In my view an even greater disruption, attributable to both online retailing and social media usage, has been the changes in customer behaviours and attitudes towards retailers because the customer is now armed with almost perfect, real time information, meaning there is simply no room for any retailers to get away with below par offers.
I’m sure that for many none of this is news, and Australian regional centres have not been sitting on their hands. They have been changing steadily, compositionally, over the past two decades, and the proportion of floorspace allocated to department stores and discount department stores has fallen – from around 55% to 45%. The proportion devoted to non-apparel mini-majors has increased from about 3% to 8% (including uses such as food catering, leisure retail and general retail) and of course the proportion of floorspace devoted to food catering has increased significantly over recent years.
As compared with US malls, for example, Australian regional centres are already in a much stronger position, because over the years they have progressively included all forms or retail – and increasingly non-retail – uses, especially food in all its forms.
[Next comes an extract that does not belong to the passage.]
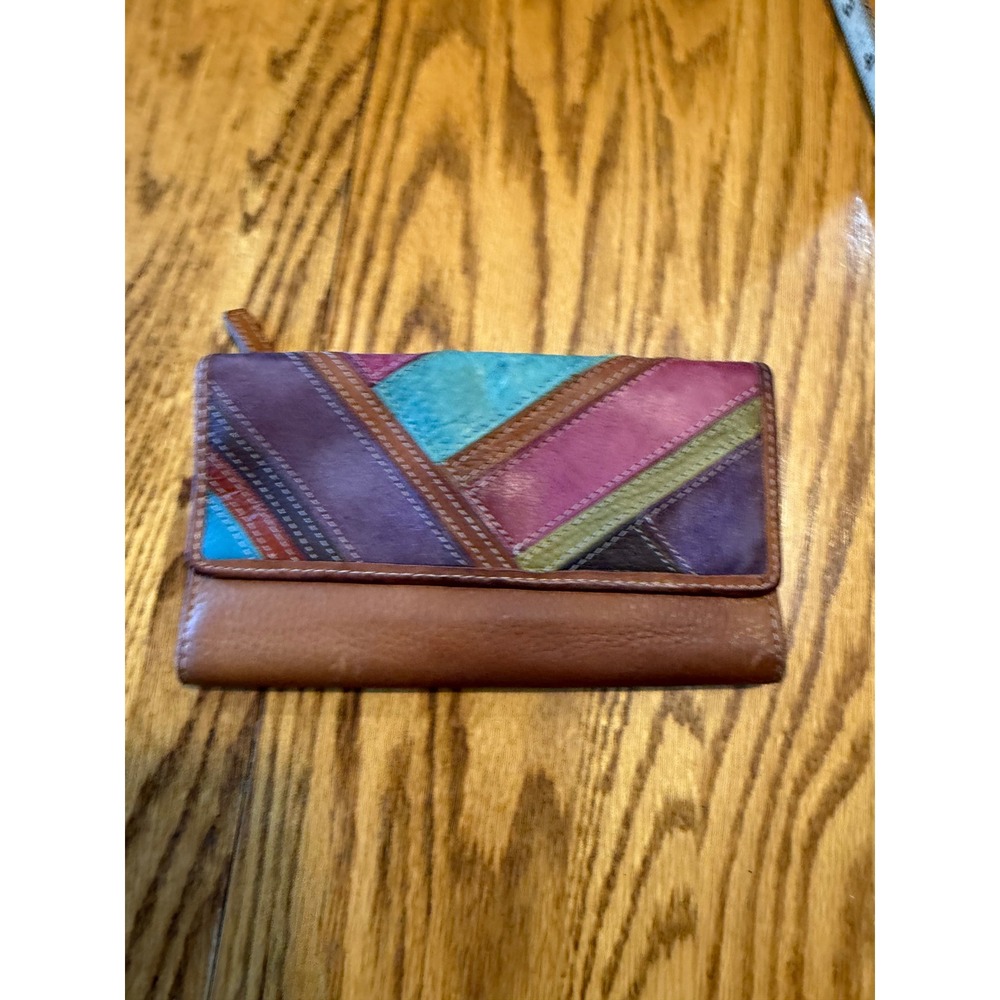 Fossil Brown Leather Patchwork Trifold Wallet Multicolor Zip Pocket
With 55 cents in the retail dollar in Australia being spent on food, and that ratio continuing to steadily increase, Australian regional centres would be facing much greater challenges by now if they had been designed and mixed in the same manner as US regional malls, i.e. multiple department stores (sometimes four or five) with the bulk of the balance occupied by apparel and homewares specialties, and with no supermarkets and often a surprisingly limited range of food and beverage outlets.
However, the recent changes represent just the start of what I believe will need to be a concerted long-term effort to dramatically shift the composition of many, if not most, regional centres.
Such a change though is not necessarily a bad thing. Importantly, it is a challenge which cannot be avoided, and ideally should be approached proactively, rather than waiting until it is too late.
As an outcome, many centres will no longer have one tenant occupying a huge footprint at low rent, on the premise that in return that tenant will anchor the centre by attracting large numbers of customers. If the total category is responsible for less than 6% of sales, including discount department stores, and given that most of the total business is done in the CBD and super-regional flagship stores, it follows that there are many locations where not a lot of anchoring is being delivered. This should mean the centre will have greater flexibility to create its own future, though it will have to work hard and be creative in order to do so.
Food & beverage has already been some part – though not all of the solution. F&B is arguably the most important representation of the ‘experiential’ shift which all shopping centres, particularly regional malls, have to rapidly deliver. It is now trite to say that centres need to provide more ‘experiences’ but it is also an undeniably true and urgent requirement. To date that experiential shift has come in part from some experiences that are all about fun and entertainment (cinemas and F&B being the most obvious) and increasingly from others that are perhaps more necessary rather than fun, such as health/medical, fitness/wellbeing, and even childcare.
Additional experiential attractions will most likely include further F&B and leisure/entertainment uses, with some viable new formats emerging, as regional malls increasingly win over greater shares of those categories. In my view they could, and should, also increasingly include curated experiences designed to attract large numbers of visitors, on a regular basis, for reasons that have little or nothing to do with shopping.